----- Record extracts -----

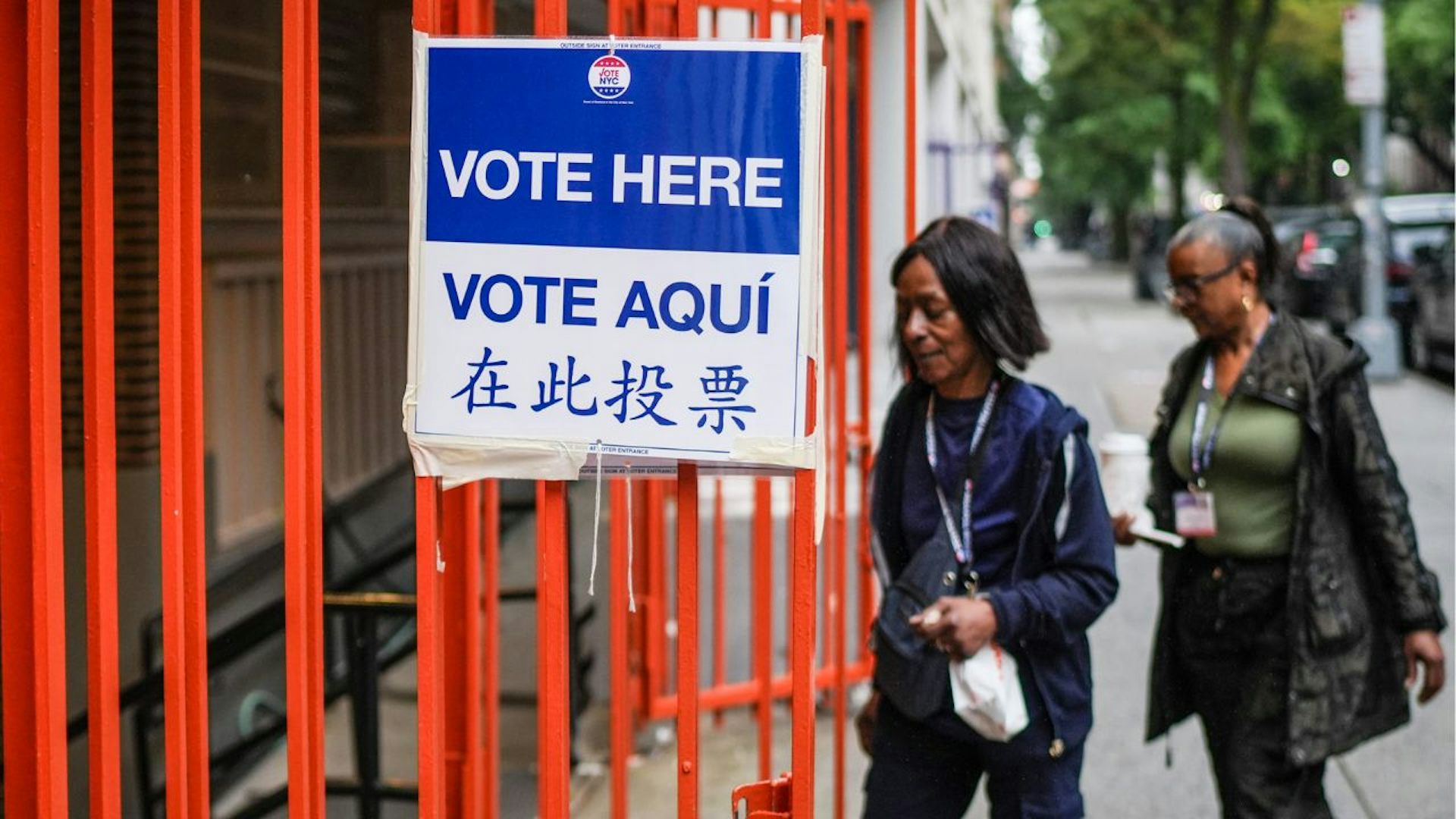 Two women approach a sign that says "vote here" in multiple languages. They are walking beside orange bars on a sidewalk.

-----
----- Record extracts -----

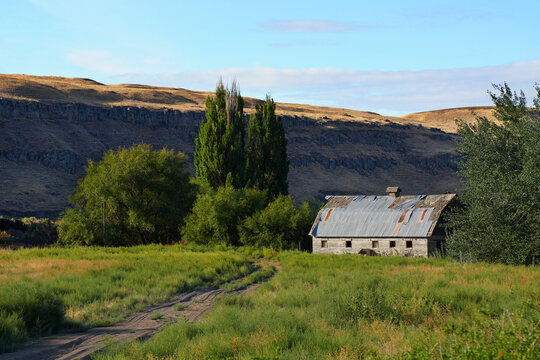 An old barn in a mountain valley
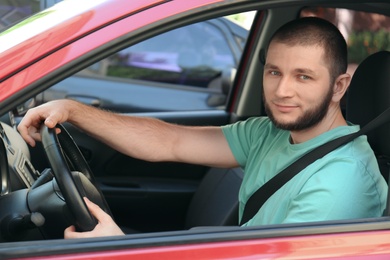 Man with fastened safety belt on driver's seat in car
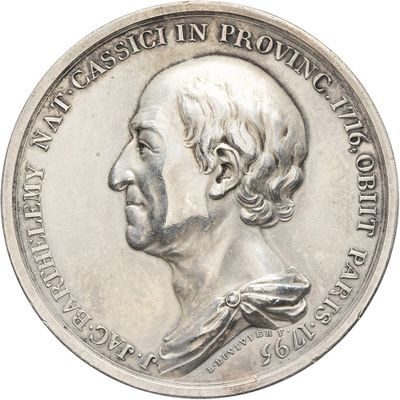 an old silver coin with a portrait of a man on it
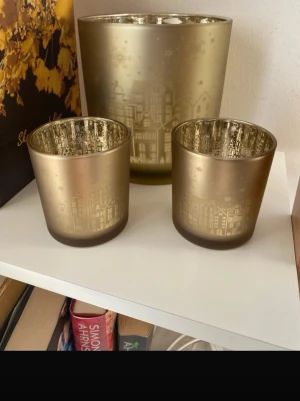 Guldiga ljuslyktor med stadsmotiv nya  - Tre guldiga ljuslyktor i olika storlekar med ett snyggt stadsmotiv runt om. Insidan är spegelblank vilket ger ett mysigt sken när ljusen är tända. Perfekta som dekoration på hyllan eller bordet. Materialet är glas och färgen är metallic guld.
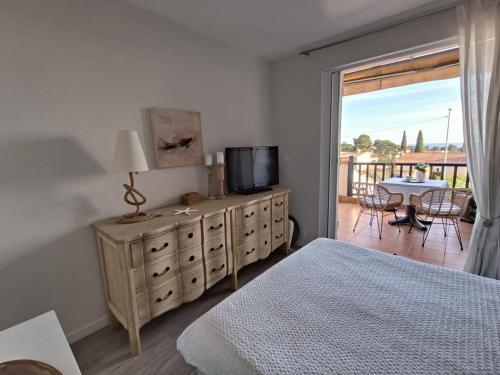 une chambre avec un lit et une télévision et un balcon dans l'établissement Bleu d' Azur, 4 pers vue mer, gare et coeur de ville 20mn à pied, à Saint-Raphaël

-----
----- Record extracts -----

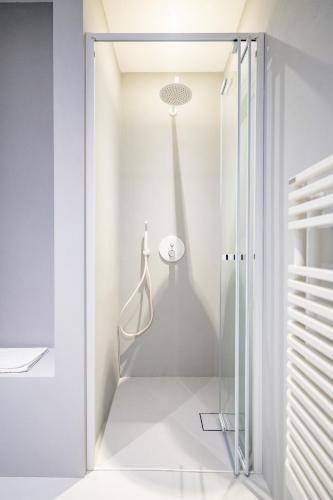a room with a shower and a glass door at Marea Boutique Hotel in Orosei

-----

Task to complete
For the data above, set down exactly the lines from the line with "an old silver" to the line with "une chambre avec", both included, leaving pictures out.

Finished task
 an old silver coin with a portrait of a man on it
 Guldiga ljuslyktor med stadsmotiv nya  - Tre guldiga ljuslyktor i olika storlekar med ett snyggt stadsmotiv runt om. Insidan är spegelblank vilket ger ett mysigt sken när ljusen är tända. Perfekta som dekoration på hyllan eller bordet. Materialet är glas och färgen är metallic guld.
 une chambre avec un lit et une télévision et un balcon dans l'établissement Bleu d' Azur, 4 pers vue mer, gare et coeur de ville 20mn à pied, à Saint-Raphaël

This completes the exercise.